クリックするとラストが表示されます(ネタバレ注意!)
ブライアンも加わり、農場で激しい銃撃戦が繰り広げられた。
アリは農場から逃れたオパーマンの後を追った。一昼夜砂漠の中で追跡劇が続いたが、やがて力尽きたオパーマンにアリが追いついた。アリは馬乗りになってオパーマンを殴り続けた。
ブライアンがヘリで彼らを発見したとき、オパーマンだけでなくアリも絶命していた。

感想

 作中、白人が過去に黒人に対して行った犯罪を自白して恩赦を得たという下りが出てくるのですが、1995~2000年に設置された南アフリカ真実和解委員会のことだと思います(分からなかったので、後で調べました)。

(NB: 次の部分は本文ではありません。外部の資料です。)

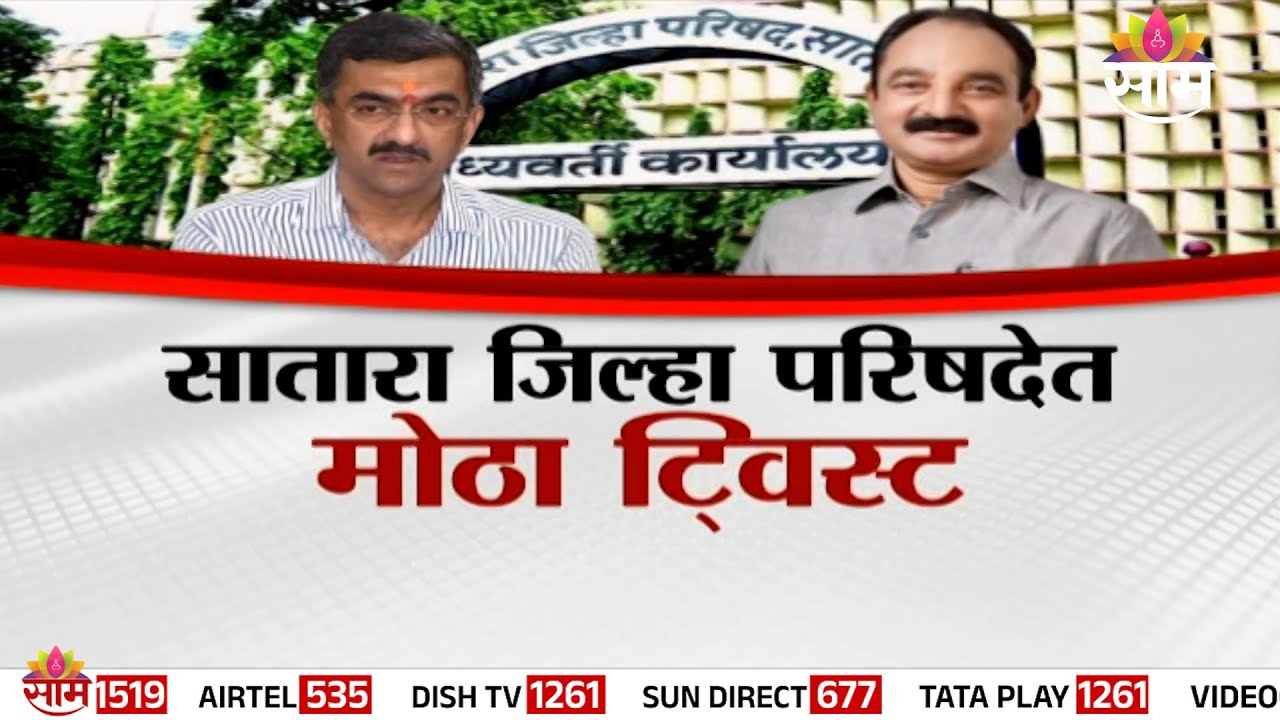 Special Report | सातारा जिल्हा परिषदेत मोठा ट्विस्ट, भाजपविरोधात शिंदे-पवार युती?| DCM Eknath Shinde
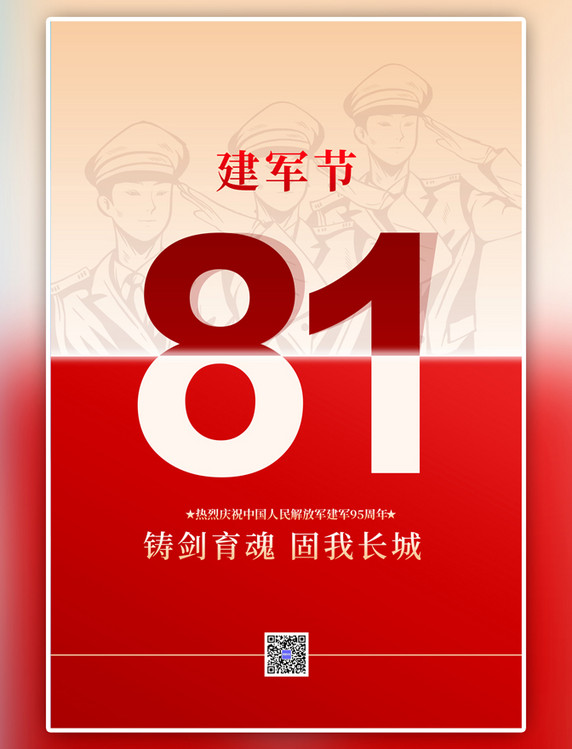 八一建军节军人红色简约海报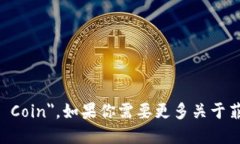 菲斯特虚拟币的英文是 ＂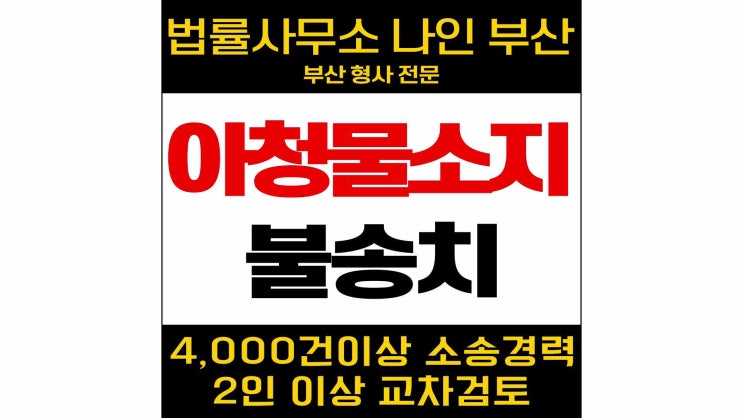  부산성범죄변호사  아청물소지  불송치사례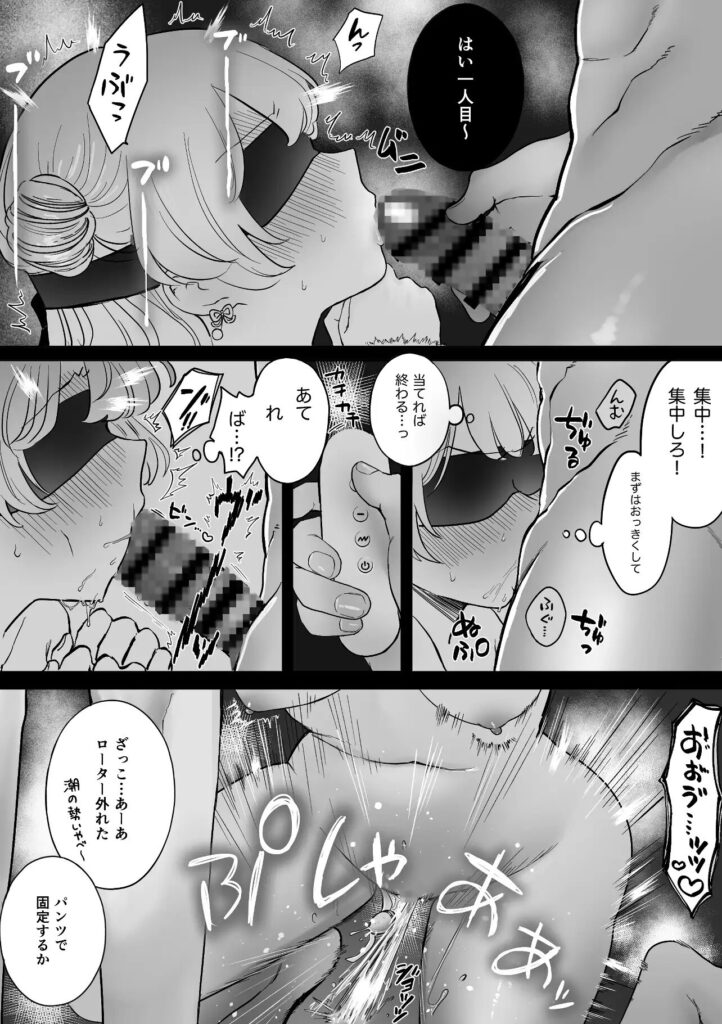 乱交,3P,4P,複数プレイ,クリ責め,クリいじめ,おすすめ,エロ漫画,エロマンガ,がるまに,DLsite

結局、そのとき罪に問われなかった白人が以前よりも裕福になって再び悪事に手を染めるようになり、その被害者は相変わらず貧困に苦しむ黒人たちという皮肉な結果になったようです。真実和解委員会後も、アパルトヘイトの悪しき構図は残っている、それが本作のメッセージだと私は理解しました。真実和解委員会は、深刻な人権問題があった国や地域で設置されることがある組織体ですが、主な目的が真実の究明にあるため、証言者に対して恩赦が約束される場合がある点が問題として指摘されます。未来志向で過去を清算するといえば聞こえはいいですが、やったもの勝ちになってしまいますからね。

 随分荒唐無稽な話だと思って観ていたのですが、後で調べたところ80年代のアパルトヘイト体制下の南アフリカで、政府によって設立されたプロジェクトコーストという計画があり、その一分野に、黒人出生率を下げるための避妊法の研究があったとのことなので、あながちフィクションとも言えないところが空恐ろしいです。歴史上、そういう事実があると「ワクチン陰謀論説」なんかも絶対にないとは言えないという気持ちも理解できます。

 なお、最近の南アフリカはネルソン・マンデラ元大統領の掲げた他人種共生の理念が揺らぎ、白人排斥派の政党が躍進し、白人側にも分離独立の機運が高まっているようで、いまなお不安定な情勢にあるようです(2021年現在)。やはり、被害者側の怨念は根深く「水で流して終わり」とはいかないんでしょうね。

 そういった重苦しいテーマがベースとなっている本作ですが、アクションシーンや潜入シーンなどもあって退屈しません。

 あまり知らない国の映画を観ると発見があるので、私は好きです。俳優も知らない人だといいのですが、この映画は有名どころが多数出演しています。と言いながら、オーランド・ブルームのことは指輪物語とかパイレーツ・オブ・カリビアンでしか知らなかったので、最後のエンドロールを見るまでブライアン役が彼だったことに気づきませんでしたが。